I was participating in an ambitious cross-country trip organized by Wayne Gerdes, a hypermiling guru and the owner of CleanMPG.com. The premise was simple: Take three of Audi’s new 2014 turbodiesel-powered vehicles—an A6 TDI, an A7 TDI, and a Q5 TDI—and motor them from Los Angeles to New York City in less than 48 hours, while beating the EPA highway mpg estimates of 38 (A6 and A7) and 31 (Q5). Audi dubbed the undertaking “Truth in 48.” I figured the trip would be just the way I imagined the legendary Brock Yates “Cannonball” cross-country races of the Seventies (only without the illegal speeds or illegal stimulants), and I wasn’t far off.

Three teams of drivers (four in each vehicle, comprised of journalists, CleanMPG.com members, and Wayne himself) gathered at the Audi Pacific dealership in Torrance, CA, the morning of Saturday, September 7 to load up the vehicles with our stuff and ourselves. It was a tight fit—the trunks and cargo areas of all three Audis were packed to the limit with suitcases, backpacks, duffel bags, and coolers of food and drink. Wayne made sure we were seriously stocked with as much non-perishable sack-lunch fare as we could carry—the tight schedule meant that there would be no time for leisurely sit-down meals, even at a fast-food joint. The cargo area of the Q5 (my assigned vehicle) was crammed so full that we had to pile a lot of our stuff on the pull-back cargo cover. (Side note: An empty Coca-Cola case makes a fine container for 20 or so peanut butter-and-jelly sandwiches.)

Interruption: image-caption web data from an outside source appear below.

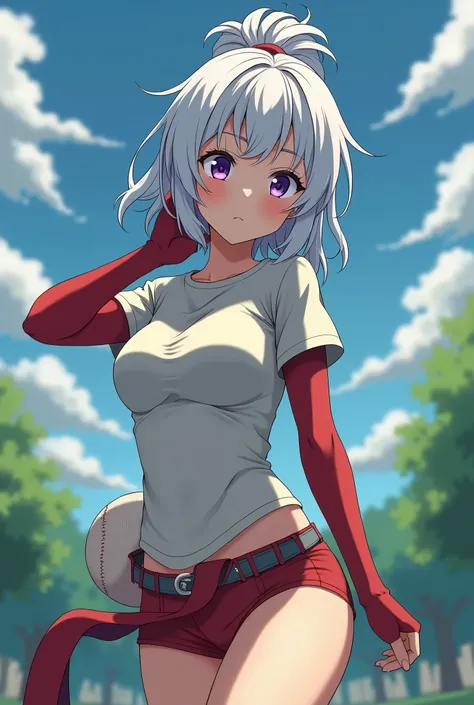 HD、Animation style、white hair 、Purple Eyes、girl、plump breasts 、High school student 、single ponytail、Baseball player、Light color short sleeve top、Long sleeve red underwear、Good shape、Thin、sash、Sky、cloud、sunny、Navel exposed、dazzler、Breasts exposed、ninja suit...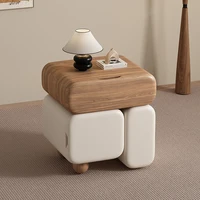 Storage Drawers Nightstands Cute Cream Style Luxury Aesthetic Bedside Table Simple Design Mesa De Noche Bedroom Furniture 4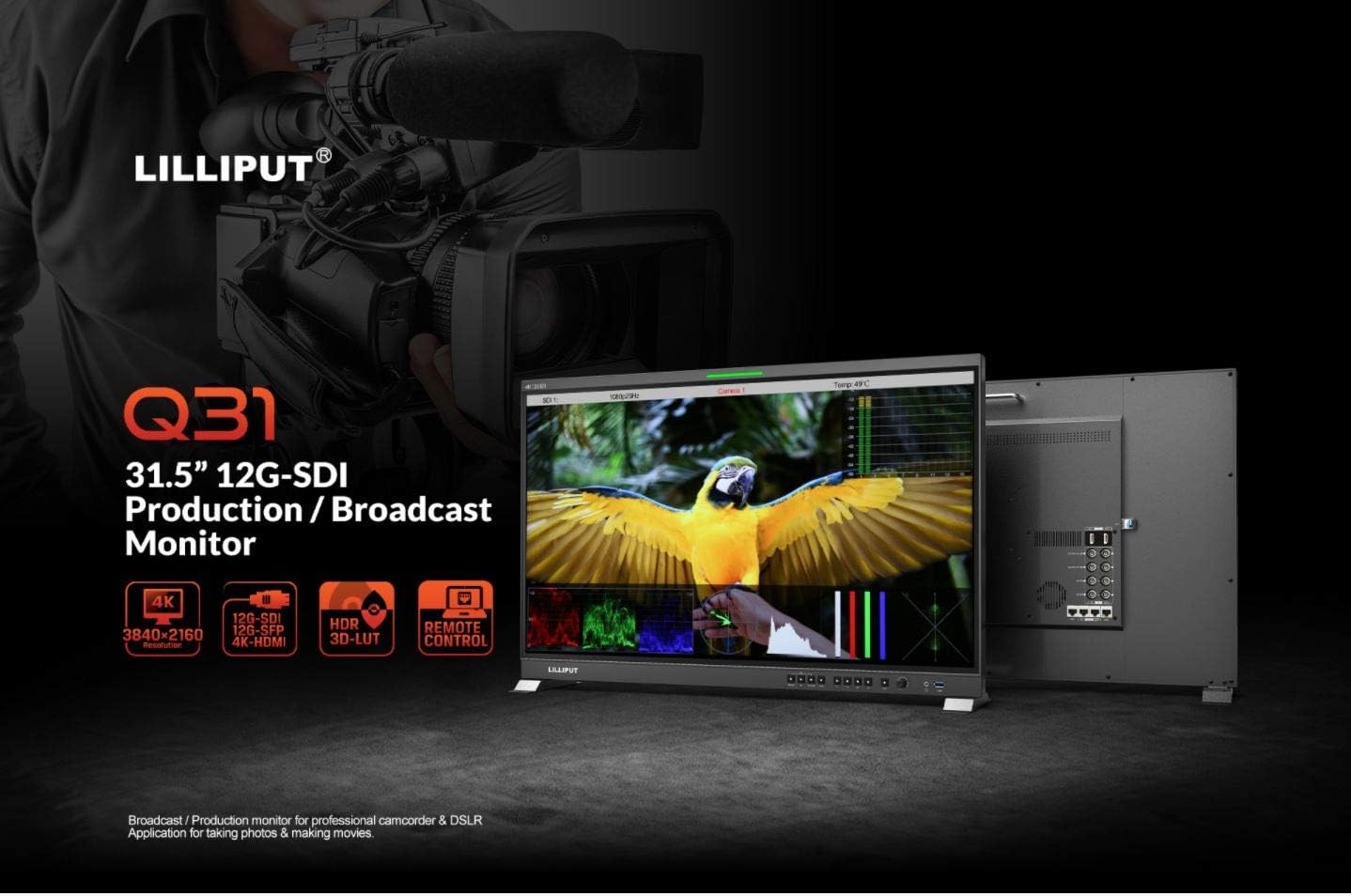 LILLIPUT 31.5" 12G-SDI/HDMI Broadcast Studio Monitor, 3840 x 2160 Resolution, DCI 4K, HDR Support, Gold Mount by VIVITEQ INC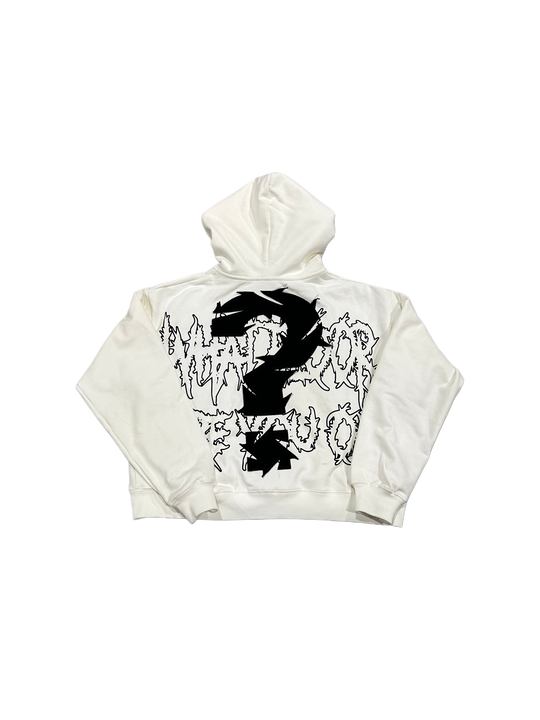 WHITE NUMERAL ZIP UP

After the obligatory photo ops, we caravanned to a nearby Shell station (Shell was the fuel sponsor for the trip) to top off the tanks and seal the fuel-filler doors with sticker labels to show there would be no “unofficial” fueling. After that, we hit the road in earnest around 11 am.

From there, it was go-go-go. A key feature of the Audi TDIs is outstanding cruising range… each of these vehicles can easily be driven more than 600 miles on a single tank of fuel. We only needed four carefully planned fuel stops to cross the country: in Gallup, New Mexico; El Reno, Oklahoma; Effingham, Illinois; and Columbus, Ohio.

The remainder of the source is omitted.